Why have I developed a bunch of verbal tics/eccentricities in undergrad/law school, and how do I get rid of or manage them?
Mainly I'm interested in similar experiences, and what type of therapist/doctor/whatever I should be consulting. My symptoms seem a crazy-quilt of a few different speech disorders, or I'd presume it was one and go see a speech pathologist.
BACKGROUND: I've always been an incessant talker, but I was always
good at it. I could comfortable speak to adults by the time I was in elementary school (confusing the hell out of my stepfather for many years, the poor man) and was happy to do so--in fact, preferred doing so. I did Toastmaster in junior high (grades 7 & 8 here) and was good at it, and all through high school was the queen of raising my hand, doing presentations, and generally being eloquent and loving language.
THEN: In undergrad I discovered I had an auditory processing disorder (http://en.wikipedia.org/wiki/Special:Whatlinkshere/Auditory_processing_disorder) and I also become quite ill, resulting in some sort of chronic fatigue/atypical narcolepsy, the most distressing symptom of which was constantly having not just words but whole sentences, concepts and thoughts "on the tip of my tongue". Or in other words, I "got stupid".

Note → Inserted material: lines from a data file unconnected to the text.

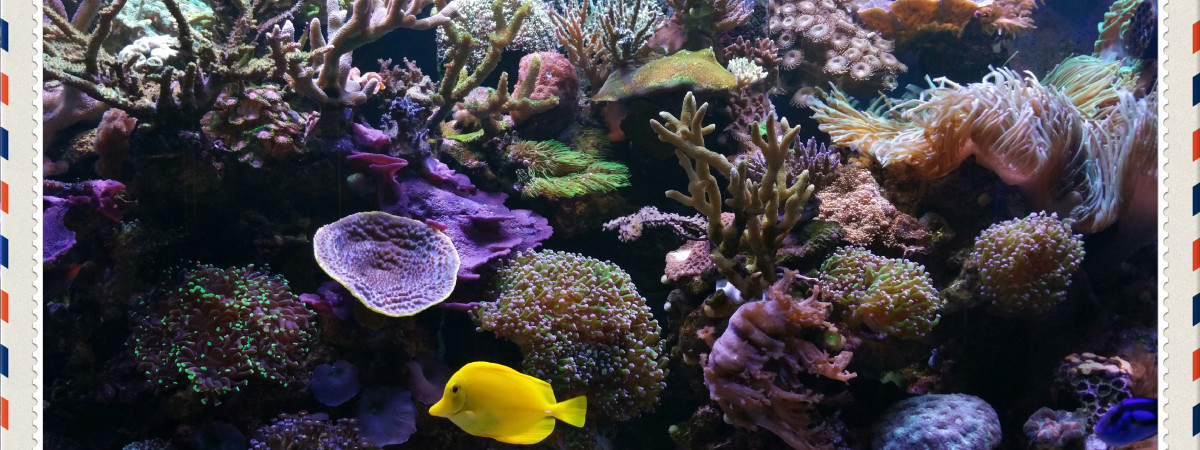 aquarium Reef  nustrale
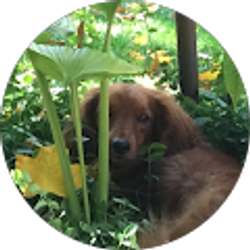 Profile photo of Mary L Brata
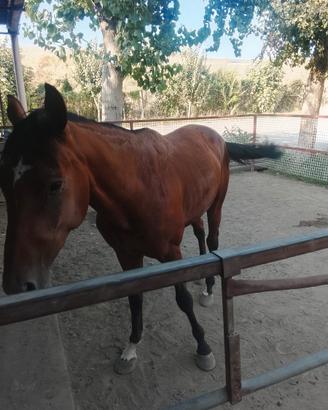 Cavallo trottatore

NOW: My brain is mostly back on track, but for a few verbal tics that I find extremely annoying, and which I'm pretty sure have worked against me in job interviews and similar situations.

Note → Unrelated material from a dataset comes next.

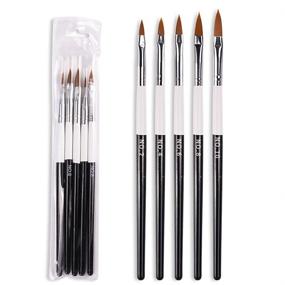 img 3 attached to 🌸 WOKOTO 5 Pcs Professional Acrylic Nail Brushes Kit for Precise Flower Nail Painting & UV Gel Application - Includes Acrylic Brush Pen for Nail Carving (2/4/6/8/10#)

IRRITATING SYMPTOMS: I pause for no reason in the middle of some (all?) sentences. This can range from infinitesimal (only I notice, and only if I'm looking) to where other people assume I'm done and take up the conversation. Is this what stutterers call blocking? It can go on for almost a minute, sometimes only ending if I derail the sentence entirely (and sometimes not even then), and the only "communication" I can achieve is to snap, wave my hand, or hit the tabletop (as opposed to saying "um" or other interjections). I find it almost impossible to recover from these "brain farts" without breaking eye contact, which looks bad to listeners.
I have a tendency (compensation?) to say half a sentence and then break away into a related but entirely new sentence. Imagine speaking with a million parenthetical asides and em dashes.
This occurs whether I have carefully thought out what I want to say (e.g. replying to a comment in class) or in casual conversation.
The only time it doesn't happen (and this is equally annoying) is when I'm all of a sudden hit with a bout of extreme verbal diarrhea, in which I will blather on endlessly about something random until interrupted, and when finished I will not even remember exactly what I said, just that it was interesting but unimportant.
So...any ideas?
What you describe sounds like the flip-side of the auditory processing problem, judging by the Wikipedia article. With the APD the problem is with processing heard speech into coherent thoughts, right? Your symptoms seem like a problem processing coherent thoughts into fluid speech. The difference with the verbal diarrhea could be that it's more of a stream-of-consciousness blathering, without much processing behind it.
Maybe whatever kind of doctor (neurologist? speech pathologist?) you saw for the APD could help with the, for lack of a better term, V(erbal)PD.